## RECORDS PROVIDED
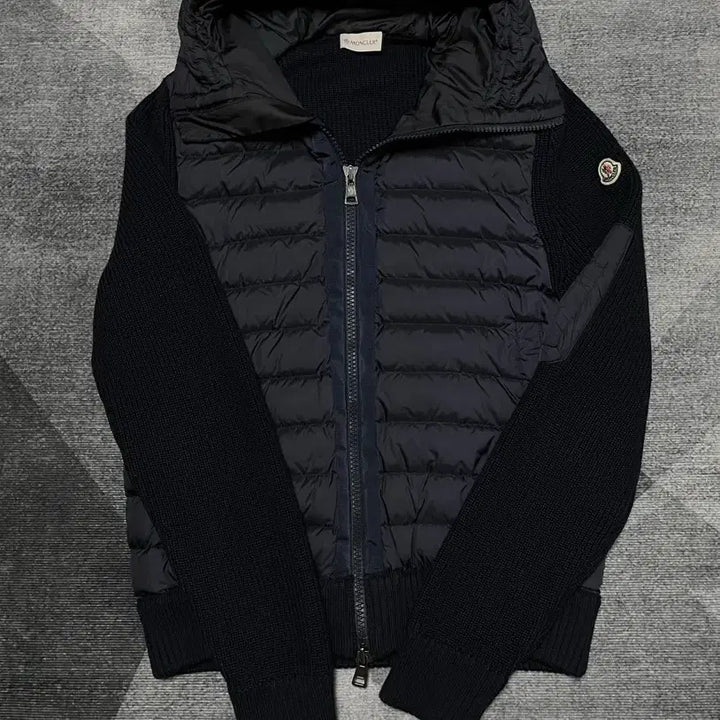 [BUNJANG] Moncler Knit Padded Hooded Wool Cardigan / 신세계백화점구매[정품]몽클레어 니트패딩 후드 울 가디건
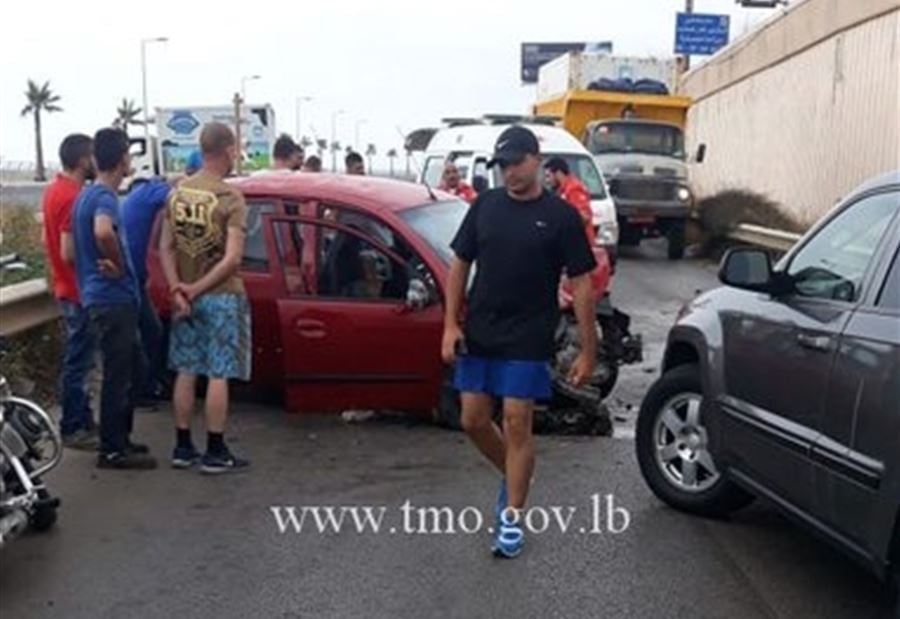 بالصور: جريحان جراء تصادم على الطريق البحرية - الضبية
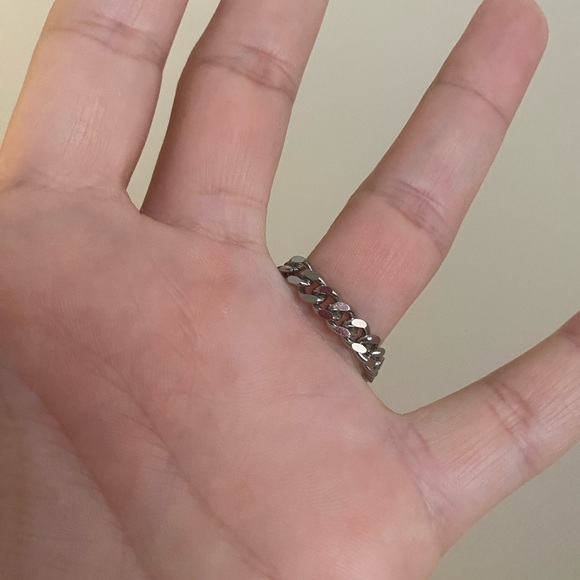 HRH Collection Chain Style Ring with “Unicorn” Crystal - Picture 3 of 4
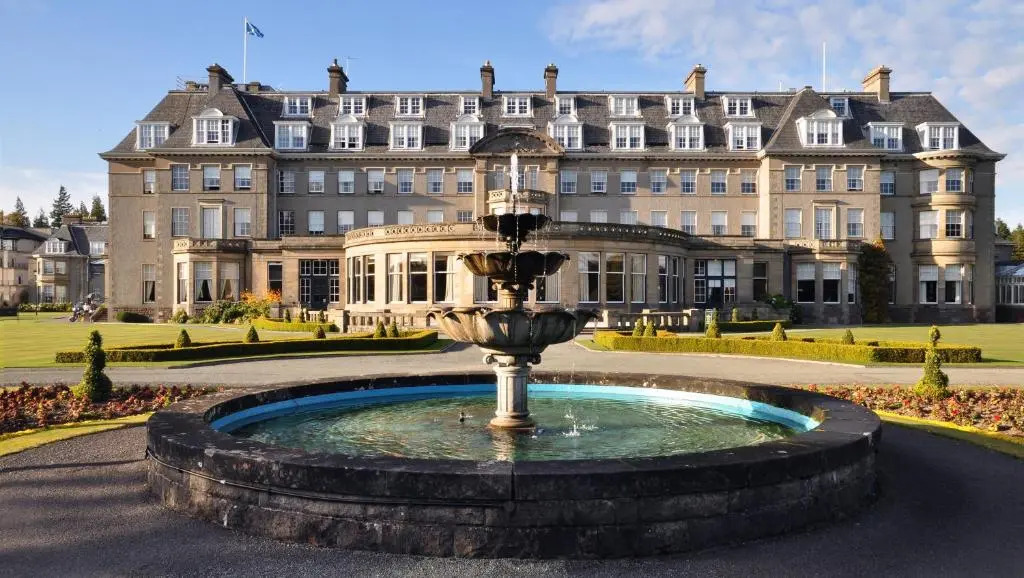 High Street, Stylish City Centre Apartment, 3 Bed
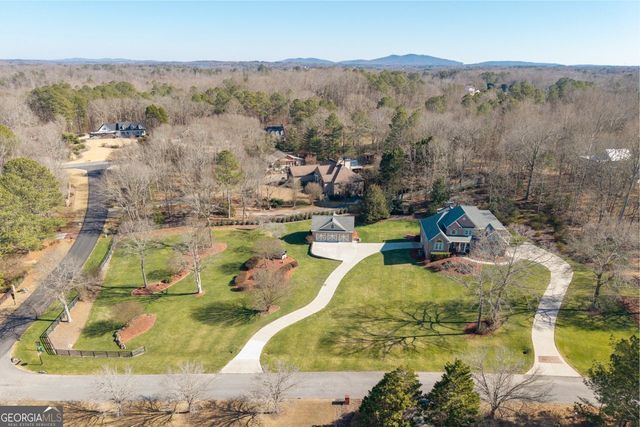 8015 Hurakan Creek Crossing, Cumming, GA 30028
--
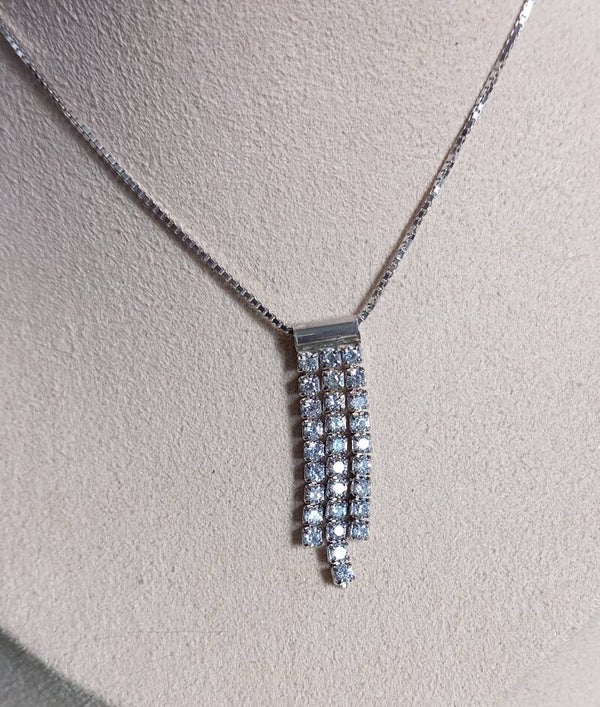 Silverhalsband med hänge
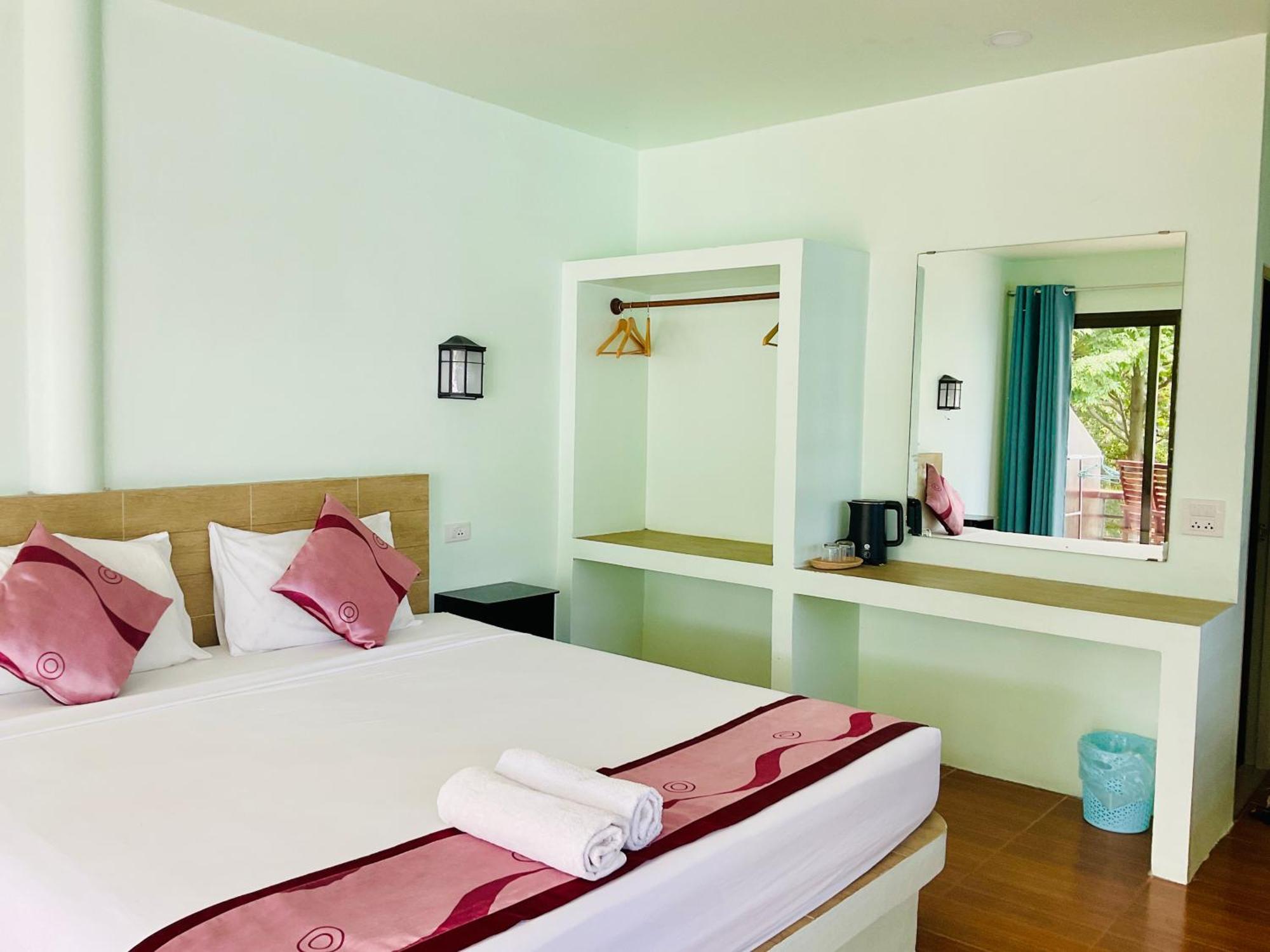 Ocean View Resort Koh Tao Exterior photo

## WORK TASK
Copy exactly, without pictures, the lines above from the one with "[BUNJANG] Moncler Knit" down to the one with "8015 Hurakan Creek", inclusive.

## SOLUTION TO THIS TASK
 [BUNJANG] Moncler Knit Padded Hooded Wool Cardigan / 신세계백화점구매[정품]몽클레어 니트패딩 후드 울 가디건
 بالصور: جريحان جراء تصادم على الطريق البحرية - الضبية
 HRH Collection Chain Style Ring with “Unicorn” Crystal - Picture 3 of 4
 High Street, Stylish City Centre Apartment, 3 Bed
 8015 Hurakan Creek Crossing, Cumming, GA 30028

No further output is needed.